Sector Bird’s Eye View: Auto

 

What is it?

The auto, automotive, or car industry is involved in the design, development, manufacturing, marketing and selling of motor vehicles from cars to trucks and motorbikes. It also extends into the parts market, which comprises of companies involved in the production and sale of new, replacement, and aftermarket parts for vehicles. 

Why is it important?

The auto industry is a major driver of many nations’ economies, especially in the developed world. As the population expands, the demand for transport increases with it, giving a never-ending supply of consumers to the auto industry. Europe, in particular, is the world’s auto manufacturing hub, producing 23% of the world’s cars in 2018 alone. The auto industry is also highly labor-intensive which aids national employment levels, and in turn, boosts GDP.

Popular Participants

  • Auto makers: Volkswagen, Ford, GM, Tesla
  • Parts makers: Advance Auto-parts, Genuine Parts, AutoZone

Popular ETFs

  • S&P 500 Automobiles
  • First Trust Nasdaq Global Auto Index

When does it do well/badly?

The auto industry is highly cyclical and vulnerable to changes in the business cycle and interest rates.
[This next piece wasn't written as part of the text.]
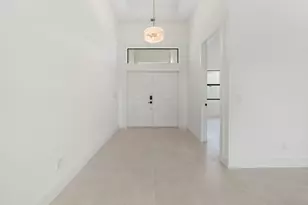 632 SE Seahouse Dr, Port Saint Lucie, FL 34983 - Photo 9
Recessionary conditions and higher interest rates cripple consumers’ disposable income, making purchasing vehicles harder. However, lower interest rates and expansionary conditions drive strong consumption in the auto market. The globalized nature of the auto industry also makes it vulnerable to changes in trade relations and geopolitical risk. Higher levels of risk can impact export levels and cause automakers to suffer as a result.

Why should I invest? 

Most successful portfolios have an automobile component, as the industry is always changing and new opportunities are plenty. Automobiles are also a useful way to gain exposure to a foreign nation’s growth if you invest in an overseas company. Staying on trend with the latest ranges from the popular car brands can generate strong returns for an investor with an eye for what will sell. These larger auto companies also often have attractive dividend schemes that add a useful cash component to a portfolio.